§ Exercise
Set down the line containing "Hyundai sanata mator 2,7" and each line after it through the last line of the records, exactly, leaving pictures out.

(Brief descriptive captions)

# # #

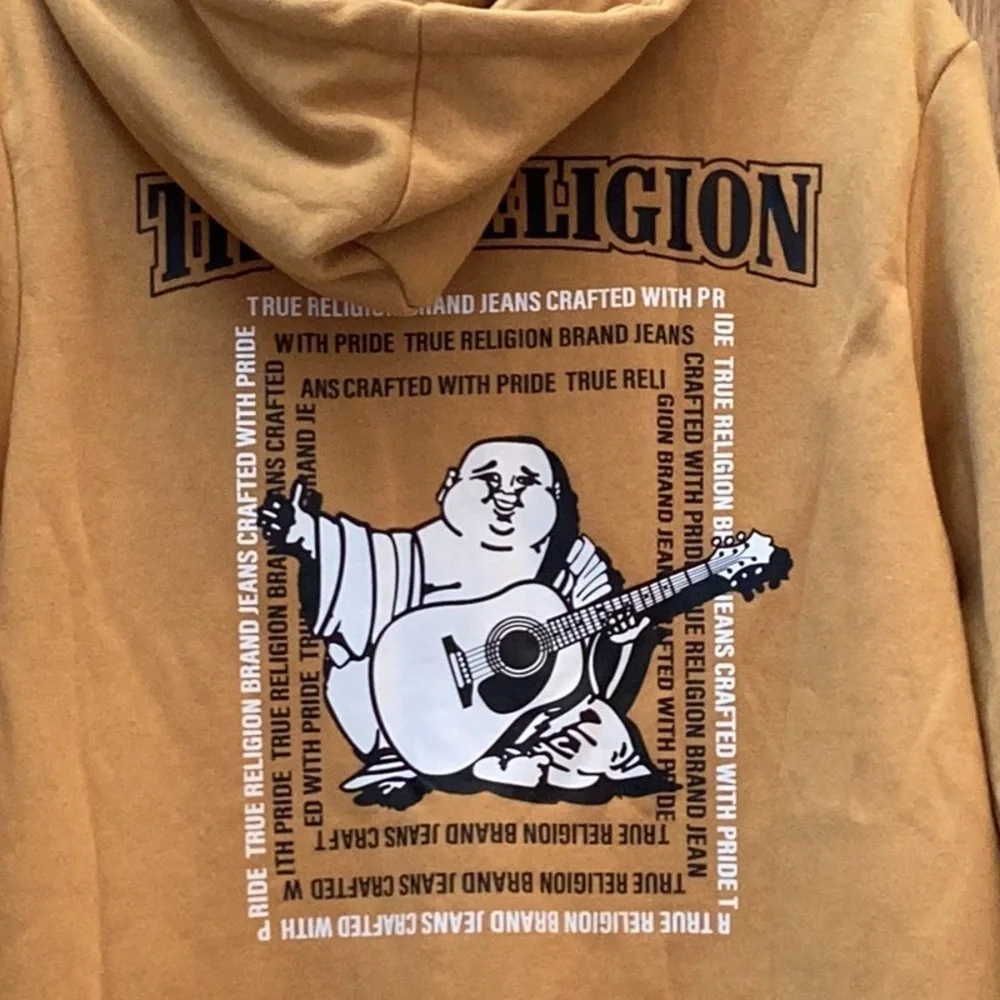 True Religion true religion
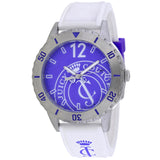 Juicy Couture Women's Taylor Graphic Purple Dial Watch - 1900948 by Balec Group
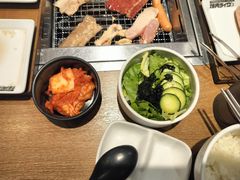 -焼肉ライク·烧肉LIKE(万菱汇店)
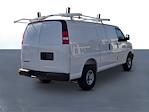 2025 Chevrolet Express 2500 RWD Holman Upfitted Cargo Van for sale #F12243 - photo 6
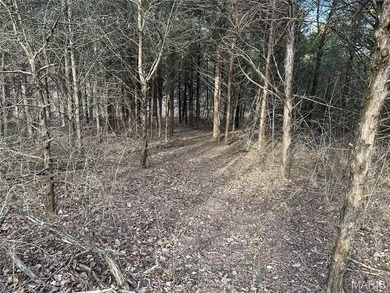 Located near the scenic Franklin County Country Club golf course on Franklin County Country Club  in Missouri - for sale on GolfHomes.com, golf home, golf lot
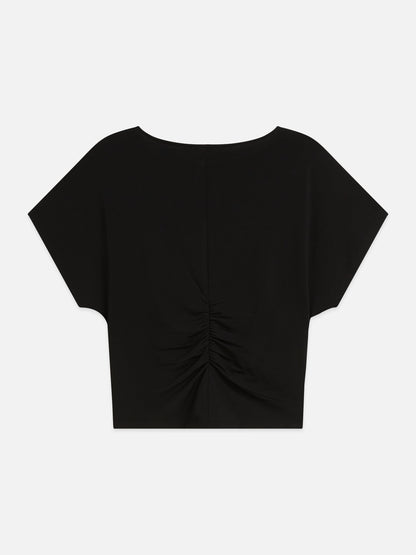 S&S RUCHED T METEORITE 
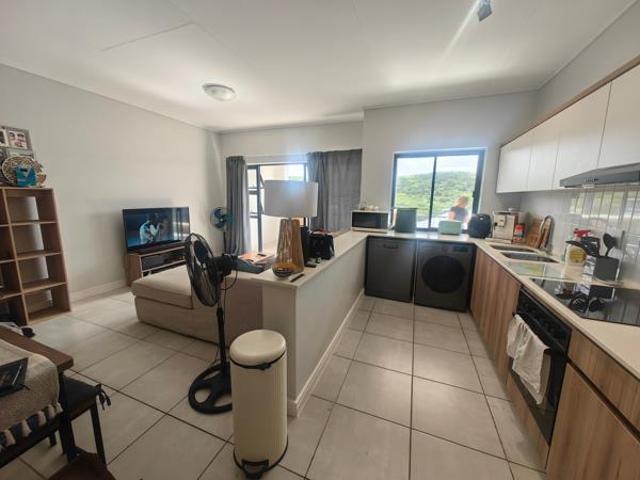 Apartment for rent in Ballito, KwaDukuza Local Municipality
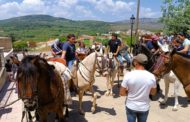 Gran acollida de la I Fira del Cavall i Productes del Maestrat a La Torre d'En Besora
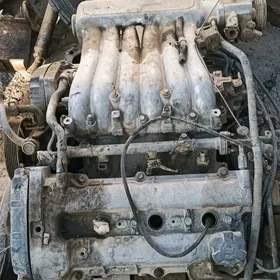 Hyundai sanata mator 2,7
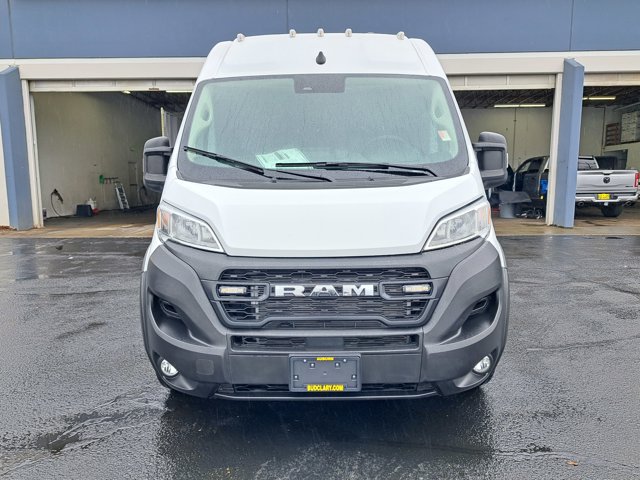 New 2025 Ram ProMaster 2500 - photo 2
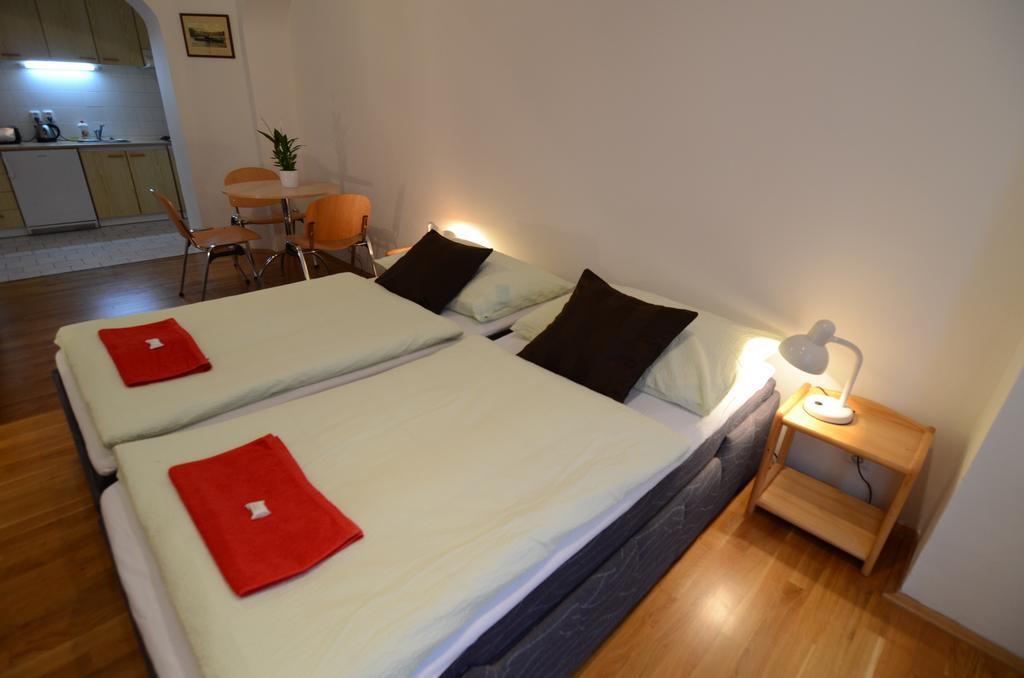 Karlin Appartement *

# # #

§ Result of this exercise
 Hyundai sanata mator 2,7
 New 2025 Ram ProMaster 2500 - photo 2
 Karlin Appartement *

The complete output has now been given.